__TASK PROMPT__
One exact copy of the listing is needed. It should contain no pictures.

__MATERIAL PROVIDED__
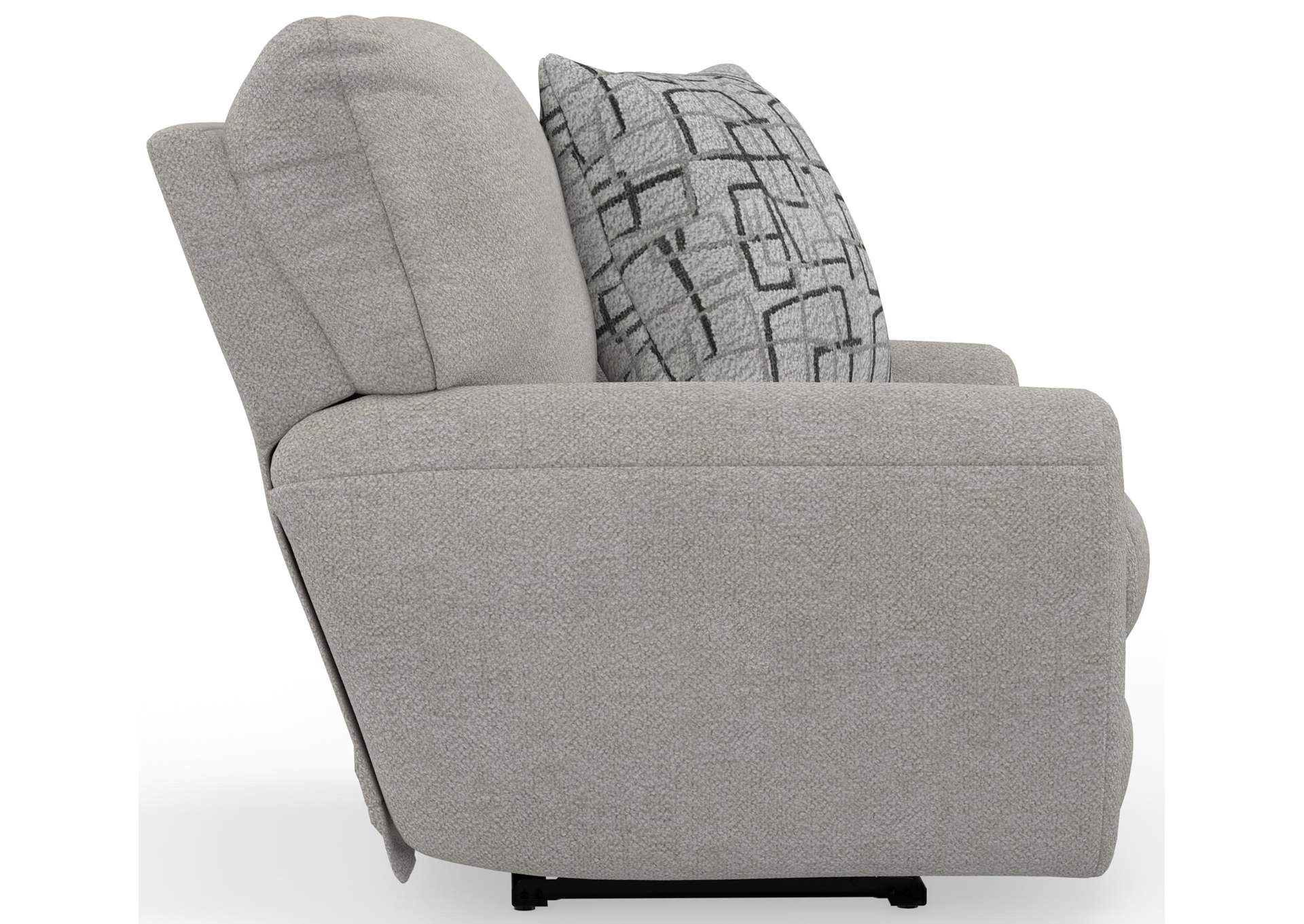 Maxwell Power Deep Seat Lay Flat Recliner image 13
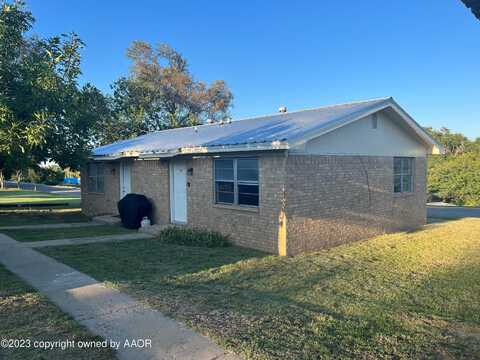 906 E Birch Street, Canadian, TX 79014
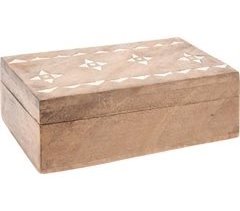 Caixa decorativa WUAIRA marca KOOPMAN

__ANSWER AREA__
 Maxwell Power Deep Seat Lay Flat Recliner image 13
 906 E Birch Street, Canadian, TX 79014
 Caixa decorativa WUAIRA marca KOOPMAN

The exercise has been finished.